From the entries below, copy exactly the lines from the one that contains "Chic Old-School Chalet" through the one that contains "women solid with", both included, and only those.

● **SUPPLIED DATA**:
──────────

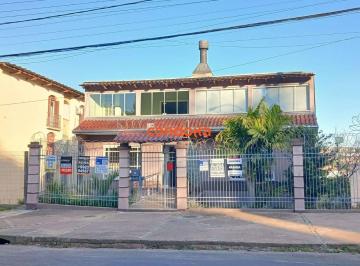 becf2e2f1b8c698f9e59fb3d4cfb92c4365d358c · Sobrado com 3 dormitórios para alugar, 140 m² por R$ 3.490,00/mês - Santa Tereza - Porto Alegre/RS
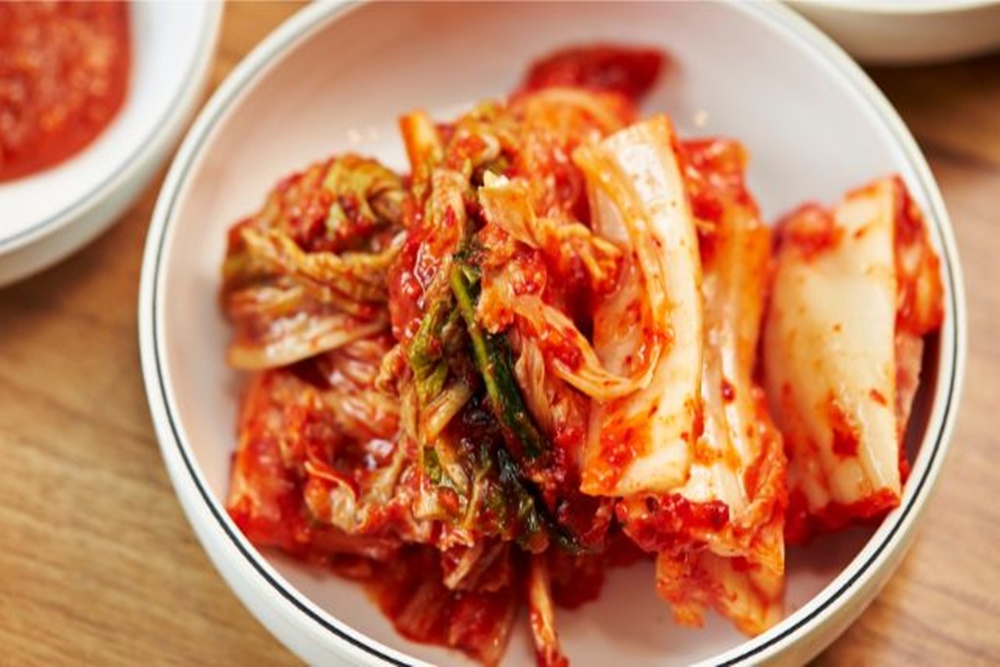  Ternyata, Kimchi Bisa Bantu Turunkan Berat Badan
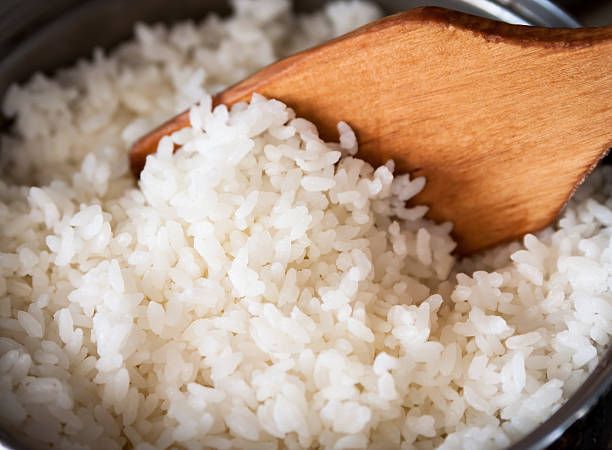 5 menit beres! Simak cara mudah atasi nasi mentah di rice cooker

──────────

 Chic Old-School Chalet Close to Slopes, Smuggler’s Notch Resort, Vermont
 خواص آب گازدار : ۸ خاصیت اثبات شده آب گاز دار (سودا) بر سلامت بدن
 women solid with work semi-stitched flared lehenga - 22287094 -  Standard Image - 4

──────────

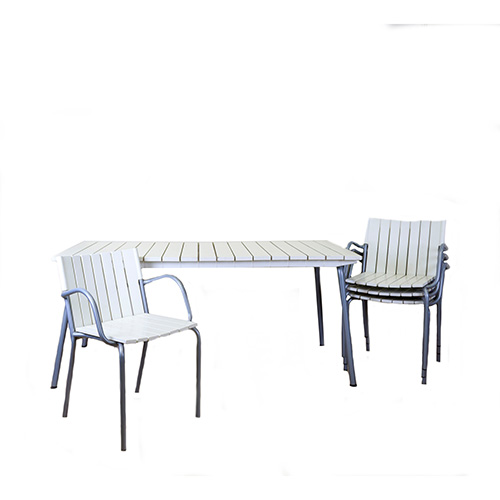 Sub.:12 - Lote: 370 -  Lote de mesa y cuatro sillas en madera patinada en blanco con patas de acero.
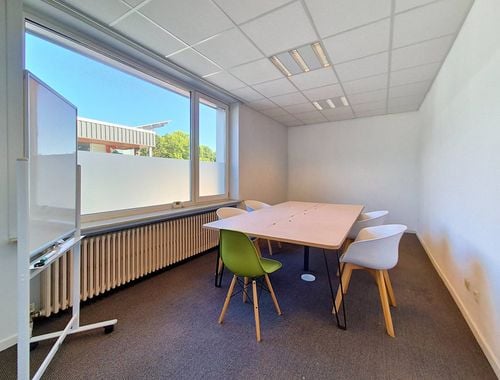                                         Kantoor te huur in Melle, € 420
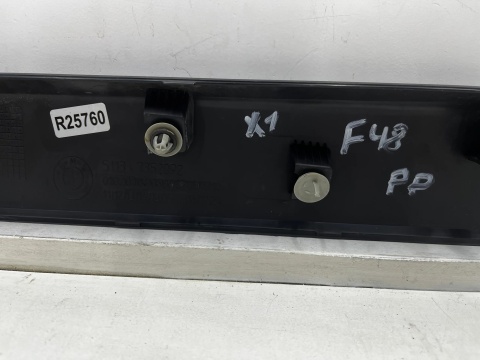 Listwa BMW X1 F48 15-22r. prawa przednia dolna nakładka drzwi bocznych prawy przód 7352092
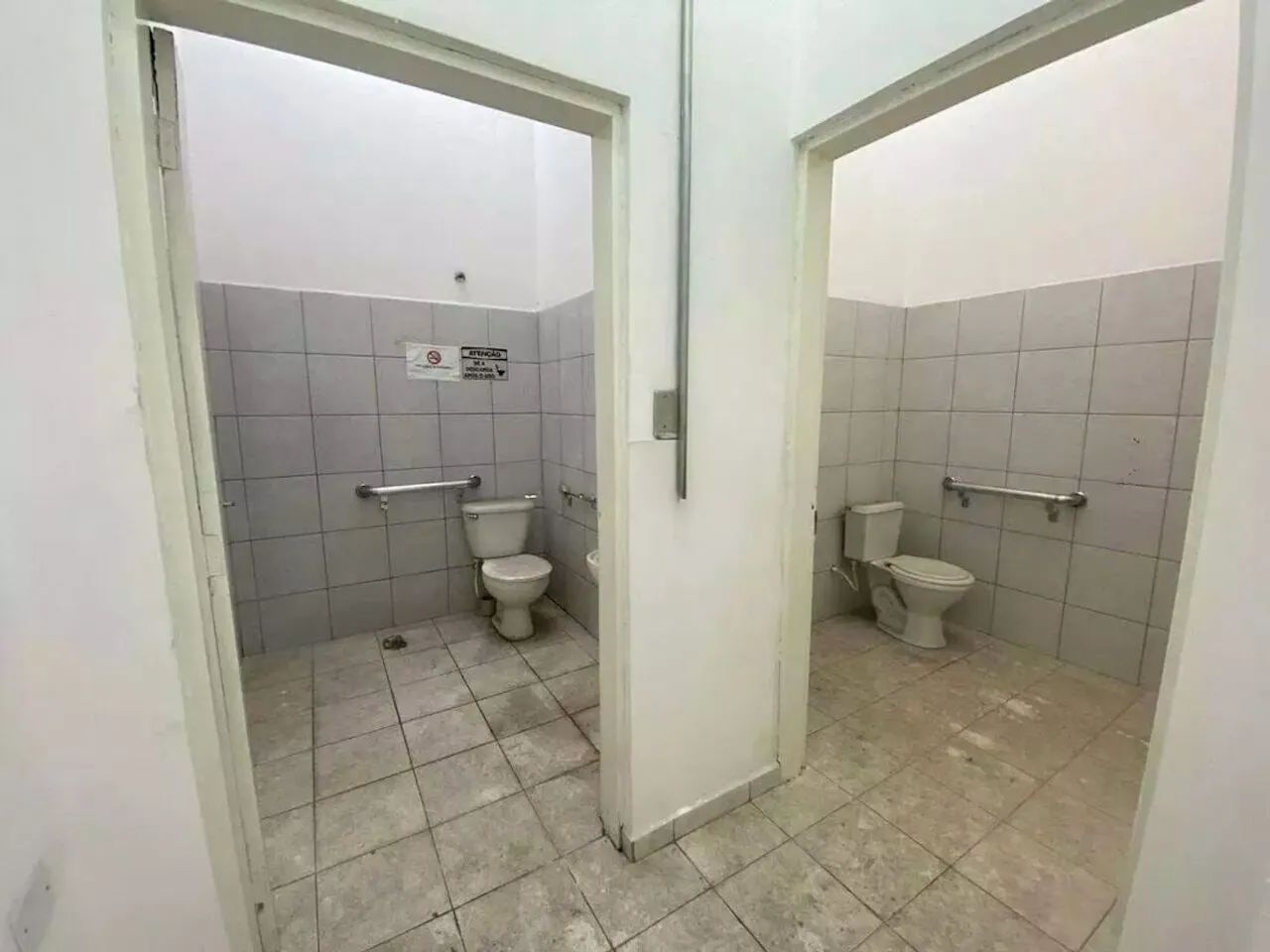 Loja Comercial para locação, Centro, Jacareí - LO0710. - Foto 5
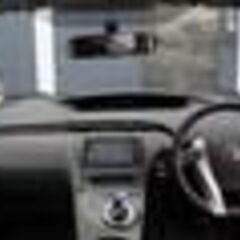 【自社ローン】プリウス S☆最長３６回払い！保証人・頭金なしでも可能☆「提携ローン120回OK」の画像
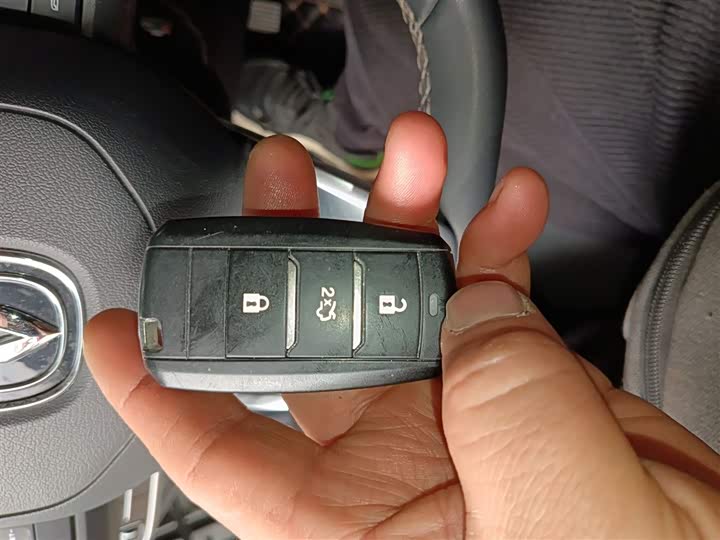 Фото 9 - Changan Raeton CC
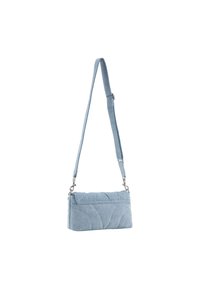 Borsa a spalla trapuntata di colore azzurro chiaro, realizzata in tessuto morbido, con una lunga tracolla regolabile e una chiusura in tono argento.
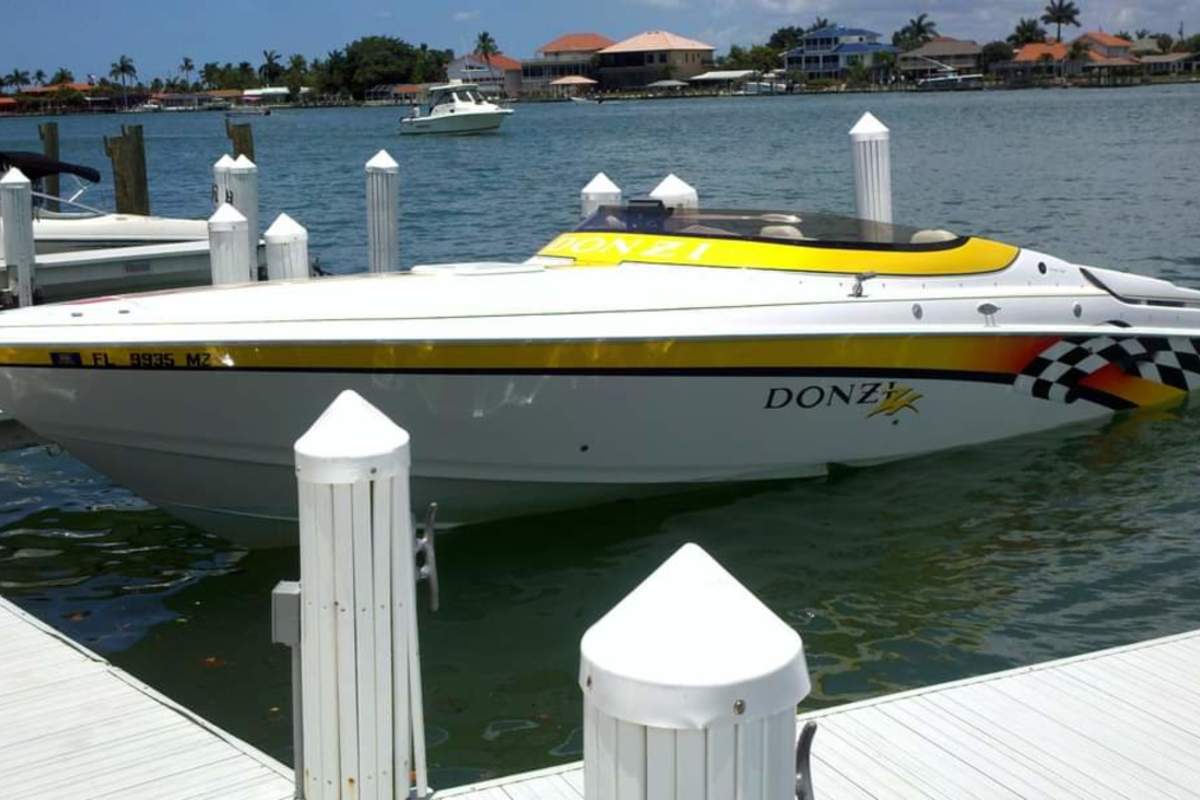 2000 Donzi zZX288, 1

──────────

● **EXERCISE OUTPUT**:
 Chic Old-School Chalet Close to Slopes, Smuggler’s Notch Resort, Vermont
 خواص آب گازدار : ۸ خاصیت اثبات شده آب گاز دار (سودا) بر سلامت بدن
 women solid with work semi-stitched flared lehenga - 22287094 -  Standard Image - 4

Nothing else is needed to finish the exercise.